* **Directions for this task**
Return the listing verbatim, images left out.

* **Exercise data**
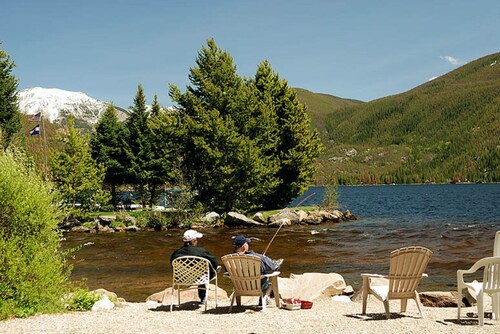 Lemmon Lodge Riverfront Cabin #12 with Private Beach on Grand Lake!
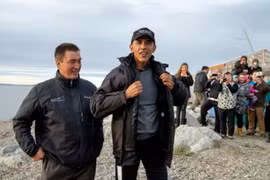 Năm 2015, Tổng thống Mỹ Barack Obama khi đó đã đến thăm Bắc Cực. Ảnh: Sina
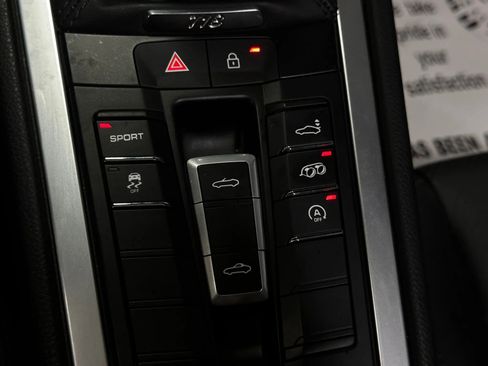 Used 2024 Porsche 718 Boxster Roadster 2D image 39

* **Solution for this task**
 Lemmon Lodge Riverfront Cabin #12 with Private Beach on Grand Lake!
 Năm 2015, Tổng thống Mỹ Barack Obama khi đó đã đến thăm Bắc Cực. Ảnh: Sina
 Used 2024 Porsche 718 Boxster Roadster 2D image 39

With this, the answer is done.